Qu’il s’agisse du Chinois Lan Zi, capable de jongler avec sept épées sous le règne de la dynastie Song, des jongleuses égyptiennes représentées sur les parois d’une tombe sur le site de Beni Hasan, du Rabbi Shimon ben Gamliel qui jongle avec dix torches enflammées ou des légionnaires romains entraînés au jonglage pour acquérir un surcroît d’habileté dans le maniement des armes, c’est bien la dextérité qui unifie ces pratiques identifiées à travers les âges. Elles oscillent entre divertissement, rite et exercice guerrier, mais elles nourrissent surtout un même objectif : acquérir une forme de virtuosité à la fois utile et forcément étonnante. Tulchinne, le bouffon du légendaire Conaire Mór, haut roi d’Irlande dont le règne pourrait être contemporain de l’avènement du Christ, est capable de jongler avec neuf épées, neuf boucliers d’argent et neuf pommes d’or.
L’histoire de Séadanda, un autre héros celtique légendaire rebaptisé Cúchulainn lorsqu’il tue à l’âge de 5 ans le chien féroce qui menace de l’égorger, puise aux mêmes sources et ne déroge pas à la règle. Surnommé le cheminant ou le contorsionniste, notamment pour son agilité à se fondre dans de multiples apparences, il est capable de jongler avec neuf pommes et atteste à ce titre d’une indéniable virtuosité. Il ancre ainsi le jonglage au registre des capacités hors normes susceptibles d’identifier un personnage à l’heure de faire résonner ses exploits.

 

Habiletés

Sela et Mele, Moana Takai ou Sulia Fonua ont plusieurs points communs.
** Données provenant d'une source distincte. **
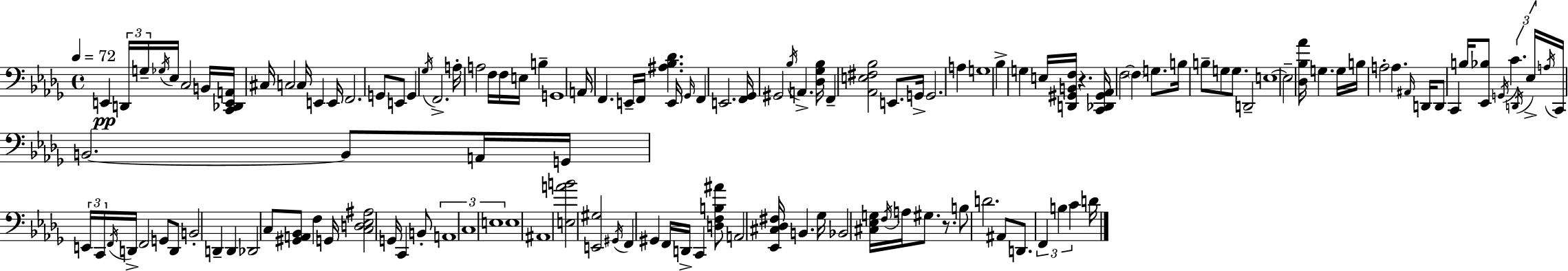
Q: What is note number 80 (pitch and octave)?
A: F2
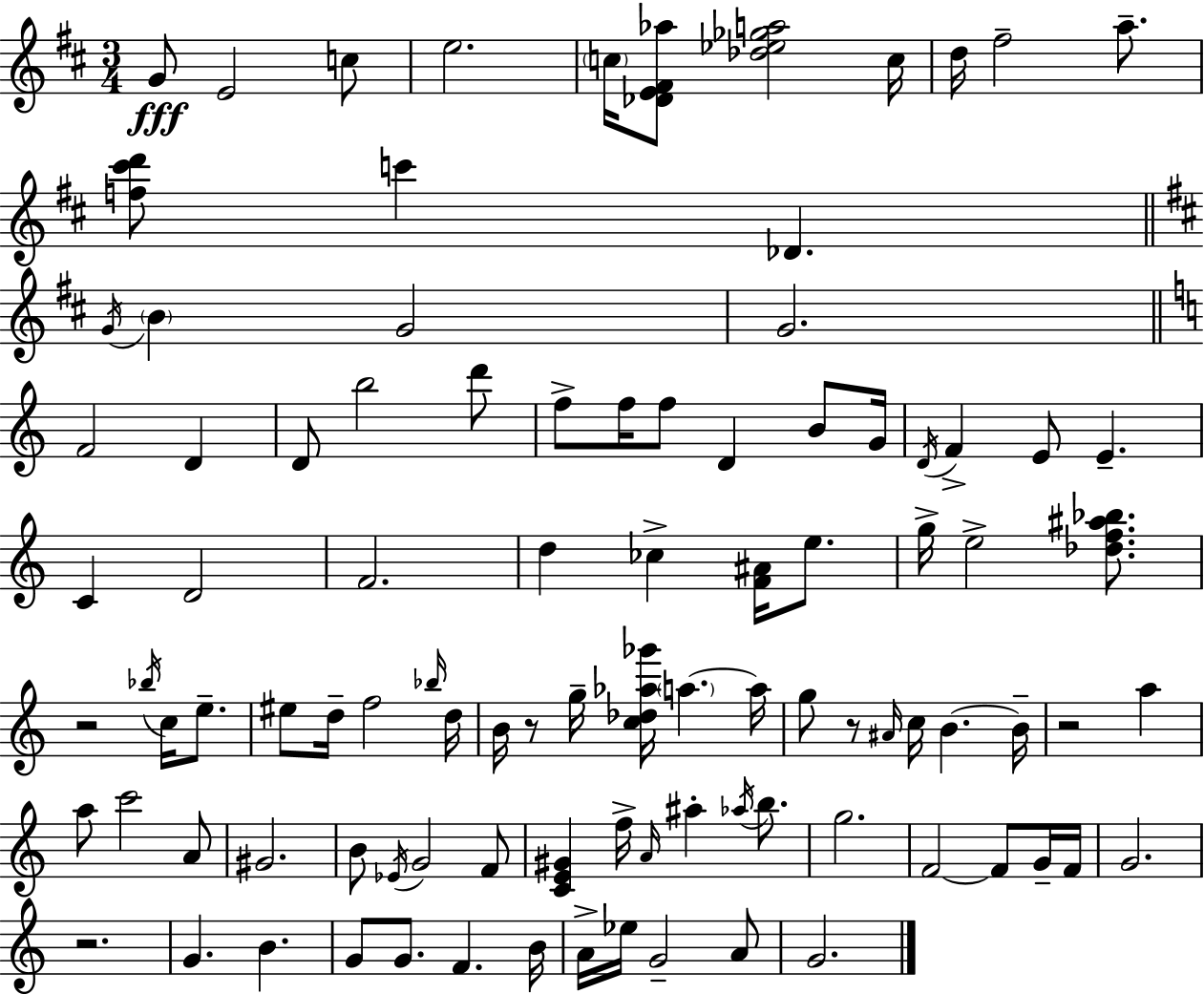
G4/e E4/h C5/e E5/h. C5/s [Db4,E4,F#4,Ab5]/e [Db5,Eb5,Gb5,A5]/h C5/s D5/s F#5/h A5/e. [F5,C#6,D6]/e C6/q Db4/q. G4/s B4/q G4/h G4/h. F4/h D4/q D4/e B5/h D6/e F5/e F5/s F5/e D4/q B4/e G4/s D4/s F4/q E4/e E4/q. C4/q D4/h F4/h. D5/q CES5/q [F4,A#4]/s E5/e. G5/s E5/h [Db5,F5,A#5,Bb5]/e. R/h Bb5/s C5/s E5/e. EIS5/e D5/s F5/h Bb5/s D5/s B4/s R/e G5/s [C5,Db5,Ab5,Gb6]/s A5/q. A5/s G5/e R/e A#4/s C5/s B4/q. B4/s R/h A5/q A5/e C6/h A4/e G#4/h. B4/e Eb4/s G4/h F4/e [C4,E4,G#4]/q F5/s A4/s A#5/q Ab5/s B5/e. G5/h. F4/h F4/e G4/s F4/s G4/h. R/h. G4/q. B4/q. G4/e G4/e. F4/q. B4/s A4/s Eb5/s G4/h A4/e G4/h.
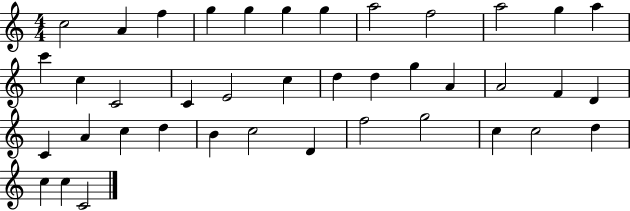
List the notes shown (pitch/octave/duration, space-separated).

C5/h A4/q F5/q G5/q G5/q G5/q G5/q A5/h F5/h A5/h G5/q A5/q C6/q C5/q C4/h C4/q E4/h C5/q D5/q D5/q G5/q A4/q A4/h F4/q D4/q C4/q A4/q C5/q D5/q B4/q C5/h D4/q F5/h G5/h C5/q C5/h D5/q C5/q C5/q C4/h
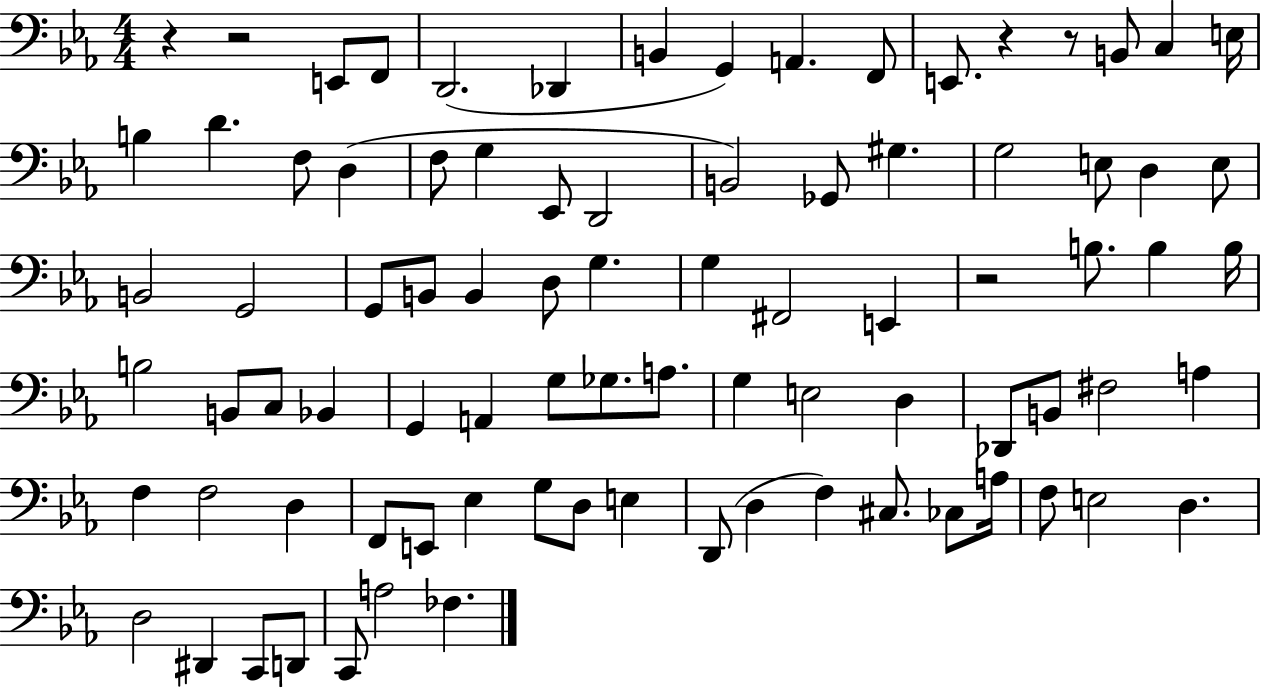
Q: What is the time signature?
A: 4/4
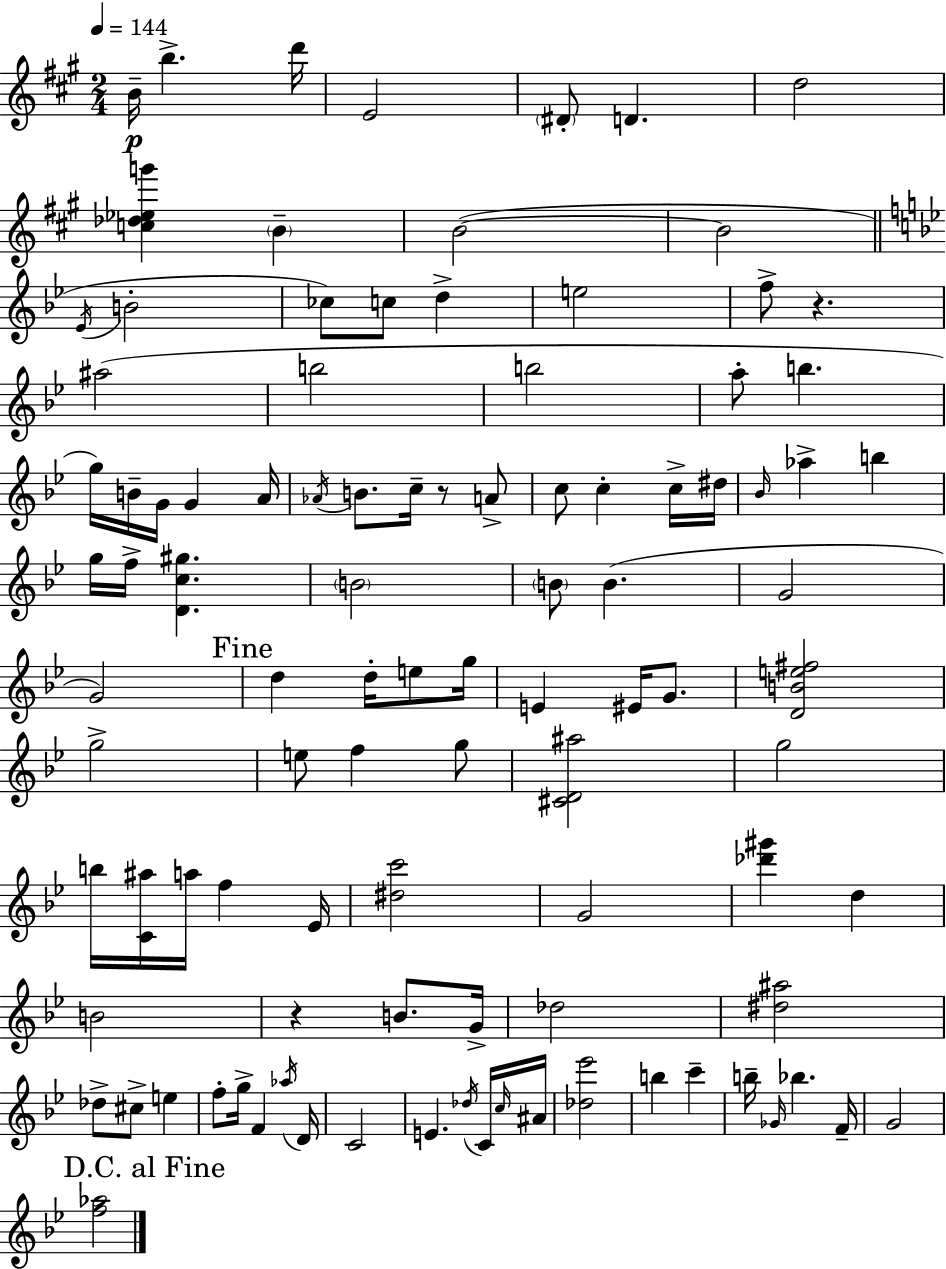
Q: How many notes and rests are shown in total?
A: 101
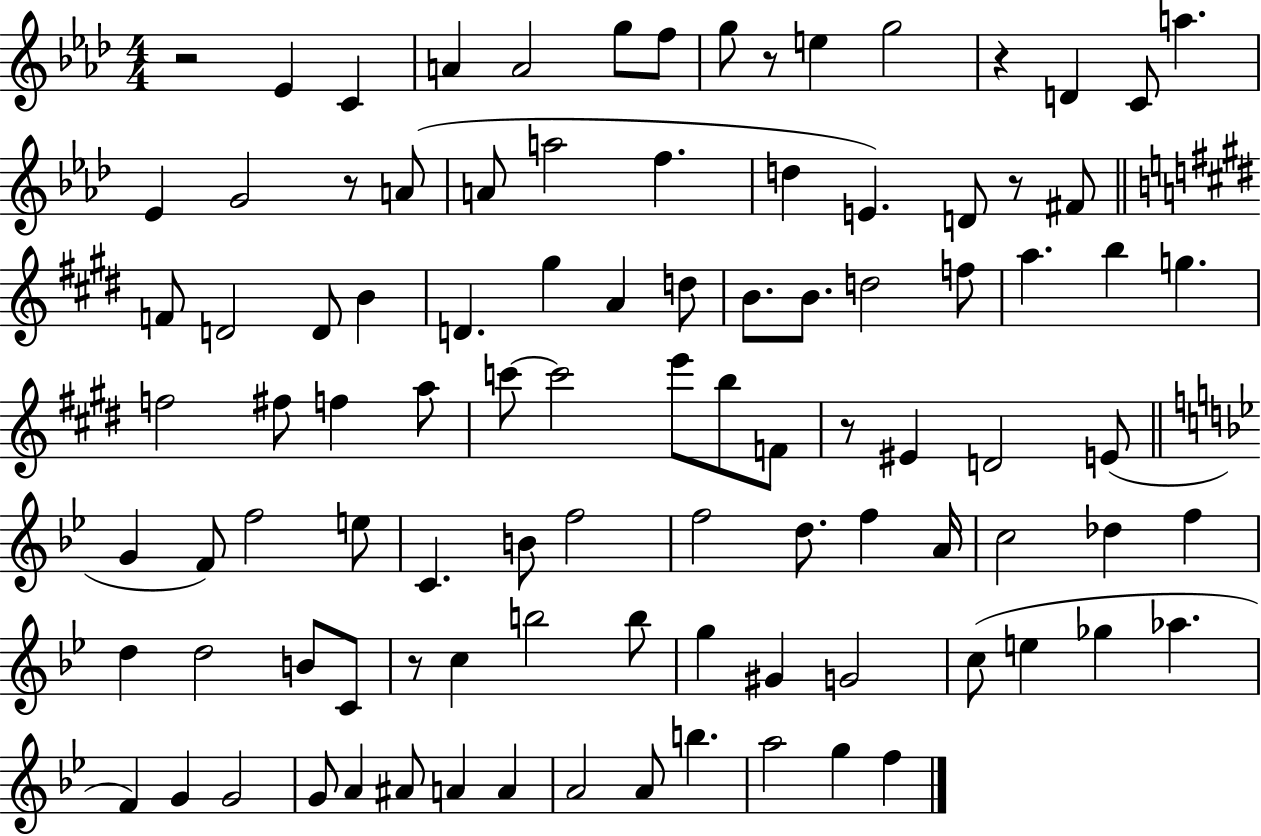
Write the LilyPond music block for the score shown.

{
  \clef treble
  \numericTimeSignature
  \time 4/4
  \key aes \major
  r2 ees'4 c'4 | a'4 a'2 g''8 f''8 | g''8 r8 e''4 g''2 | r4 d'4 c'8 a''4. | \break ees'4 g'2 r8 a'8( | a'8 a''2 f''4. | d''4 e'4.) d'8 r8 fis'8 | \bar "||" \break \key e \major f'8 d'2 d'8 b'4 | d'4. gis''4 a'4 d''8 | b'8. b'8. d''2 f''8 | a''4. b''4 g''4. | \break f''2 fis''8 f''4 a''8 | c'''8~~ c'''2 e'''8 b''8 f'8 | r8 eis'4 d'2 e'8( | \bar "||" \break \key bes \major g'4 f'8) f''2 e''8 | c'4. b'8 f''2 | f''2 d''8. f''4 a'16 | c''2 des''4 f''4 | \break d''4 d''2 b'8 c'8 | r8 c''4 b''2 b''8 | g''4 gis'4 g'2 | c''8( e''4 ges''4 aes''4. | \break f'4) g'4 g'2 | g'8 a'4 ais'8 a'4 a'4 | a'2 a'8 b''4. | a''2 g''4 f''4 | \break \bar "|."
}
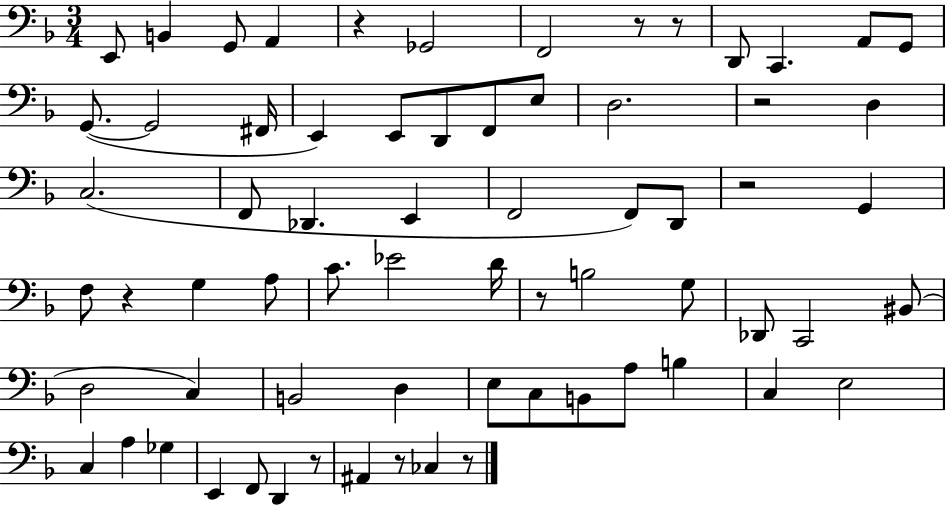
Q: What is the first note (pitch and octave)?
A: E2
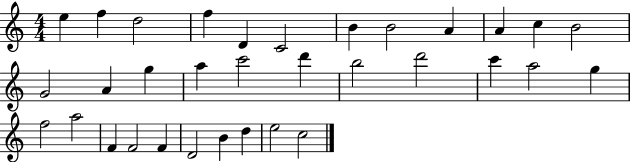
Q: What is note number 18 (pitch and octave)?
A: D6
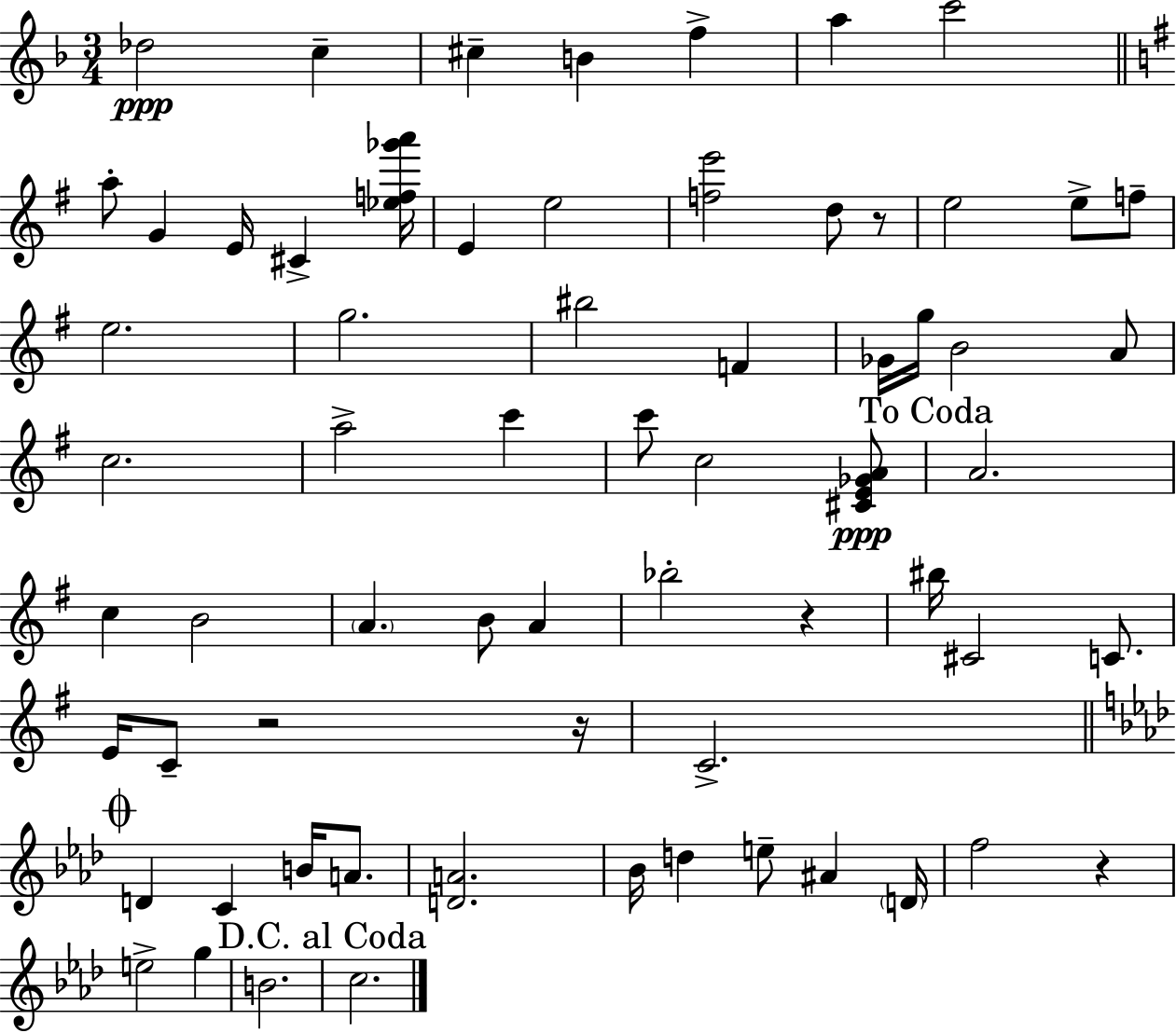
X:1
T:Untitled
M:3/4
L:1/4
K:Dm
_d2 c ^c B f a c'2 a/2 G E/4 ^C [_ef_g'a']/4 E e2 [fe']2 d/2 z/2 e2 e/2 f/2 e2 g2 ^b2 F _G/4 g/4 B2 A/2 c2 a2 c' c'/2 c2 [^CE_GA]/2 A2 c B2 A B/2 A _b2 z ^b/4 ^C2 C/2 E/4 C/2 z2 z/4 C2 D C B/4 A/2 [DA]2 _B/4 d e/2 ^A D/4 f2 z e2 g B2 c2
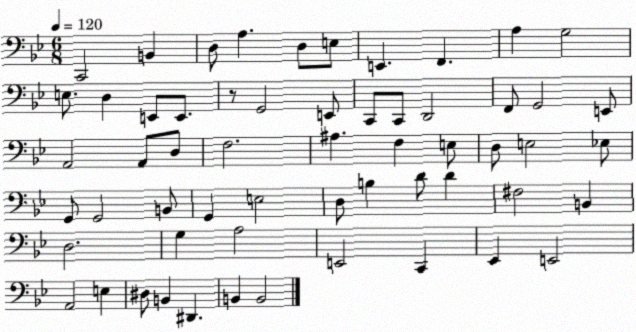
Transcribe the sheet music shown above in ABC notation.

X:1
T:Untitled
M:6/8
L:1/4
K:Bb
C,,2 B,, D,/2 A, D,/2 E,/2 E,, F,, A, G,2 E,/2 D, E,,/2 E,,/2 z/2 G,,2 E,,/2 C,,/2 C,,/2 D,,2 F,,/2 G,,2 E,,/2 A,,2 A,,/2 D,/2 F,2 ^A, F, E,/2 D,/2 E,2 _E,/2 G,,/2 G,,2 B,,/2 G,, E,2 D,/2 B, D/2 D ^F,2 B,, D,2 G, A,2 E,,2 C,, _E,, E,,2 A,,2 E, ^D,/2 B,, ^D,, B,, B,,2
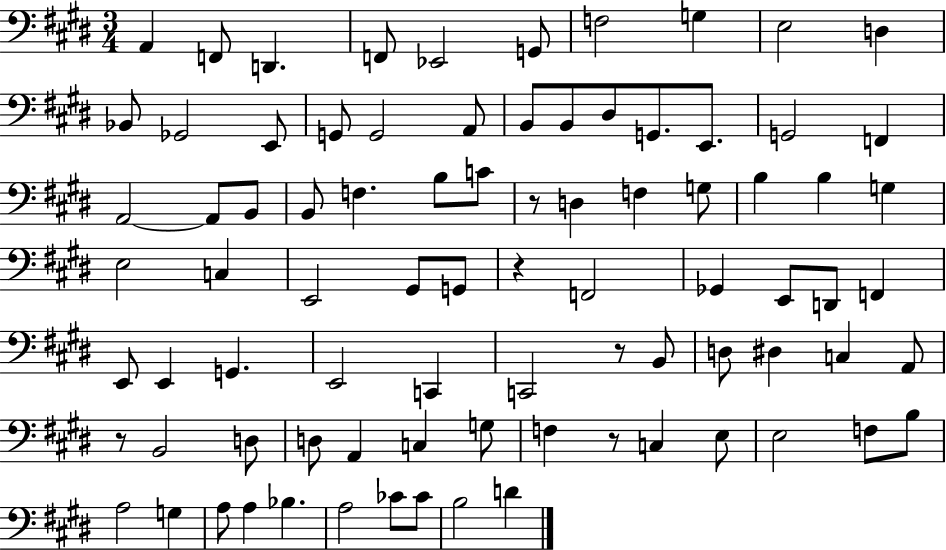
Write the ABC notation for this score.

X:1
T:Untitled
M:3/4
L:1/4
K:E
A,, F,,/2 D,, F,,/2 _E,,2 G,,/2 F,2 G, E,2 D, _B,,/2 _G,,2 E,,/2 G,,/2 G,,2 A,,/2 B,,/2 B,,/2 ^D,/2 G,,/2 E,,/2 G,,2 F,, A,,2 A,,/2 B,,/2 B,,/2 F, B,/2 C/2 z/2 D, F, G,/2 B, B, G, E,2 C, E,,2 ^G,,/2 G,,/2 z F,,2 _G,, E,,/2 D,,/2 F,, E,,/2 E,, G,, E,,2 C,, C,,2 z/2 B,,/2 D,/2 ^D, C, A,,/2 z/2 B,,2 D,/2 D,/2 A,, C, G,/2 F, z/2 C, E,/2 E,2 F,/2 B,/2 A,2 G, A,/2 A, _B, A,2 _C/2 _C/2 B,2 D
Ce sont des femmes, elles sont citoyennes du royaume de Tonga, mais ce sont surtout des jongleuses. À peine sorties de l’adolescence, jeunes vendeuses de rue ou aimables retraitées, elles partagent un étrange savoir-faire transmis depuis d’innombrables générations. Elles pratiquent toutes le Hiko, un jonglage du quotidien qui peut s’accomplir sur une simple impulsion en cueillant quelques fruits verts et légèrement ovoïdes qui s’offrent à portée de main. Une estampe de 1793 illustre cette aptitude spectaculaire, mais les origines de cette manipulation seulement maîtrisée par les filles et les femmes du royaume semble remonter au peuplement du territoire. La plupart d’entre elles jonglent avec aisance avec trois « balles », voire quatre ou cinq, participent à de conviviales compétitions, mais bien peu caressent l’espoir d’atteindre l’exceptionnelle et légendaire manipulation avec dix fruits ! Ce jonglage « impulsif » s’accompagne de paroles chantonnées dont les praticiennes ne connaissent pas toujours le sens, mais qui sont elles aussi transmises de génération en génération. Ce jeu, partagé par un très grand nombre d’îliennes, semble aussi enraciné et prodigue que d’autres traditions ancestrales et constitue la trame vive d’une culture protéiforme.
D’un continent à l’autre, d’un siècle à l’autre, la manipulation d’objets se révèle à la fois comme une pratique locale, urbaine ou rurale, associée à un rite funéraire ou agraire, mais également comme un prétexte à la création d’œuvres ou de formes artistiques décalées d’une quelconque réalité de terrain. Ce registre s’épanouit notamment au travers des jongleurs mondains, vêtus à la mode copurchic, une tendance qui vise à l’harmonie de la silhouette, parfois en calculant au millimètre près la longueur d’un revers ou la hauteur d’un talon. Ces gentlemen manipulateurs de cannes, chapeaux, boules de billard ou coupes et verres de cristal, semblent se rendre ou revenir d’une soirée et abolissent par leur apparence la limite entre la piste et les gradins. Ils s’imposent comme un reflet du temps, une projection d’un corps social qui s’accorde bien aux derniers éclats d’un cirque en train de muter. Ce registre singulier rayonne entre 1870 et 1910 pour s’estomper après la Première guerre mondiale.

 

La dextérité au service d’un propos ou d’une expérience est également partagée par des moines shintoïstes qui utilisent la manipulation d’objets comme un support à la concentration. La pratique de l’Edo Daikagura, un jonglage conjuratoire exécuté au nom de la divinité Jingu est l’incarnation d’une performance sacrée progressivement muée en divertissement. Le Daikagura est l’une des formes issus du Kagura, une pratique qui plonge ses racines au cours de la période Heian. Si sa « signature » est le shishi mai, l’équivalent de la danse du lion pour les chinois, le Daikagura intègre aussi du jonglage et notamment l’art de faire tourner de petits objets, à l’instar d’un minuscule cerceau, sur une ombrelle ouverte.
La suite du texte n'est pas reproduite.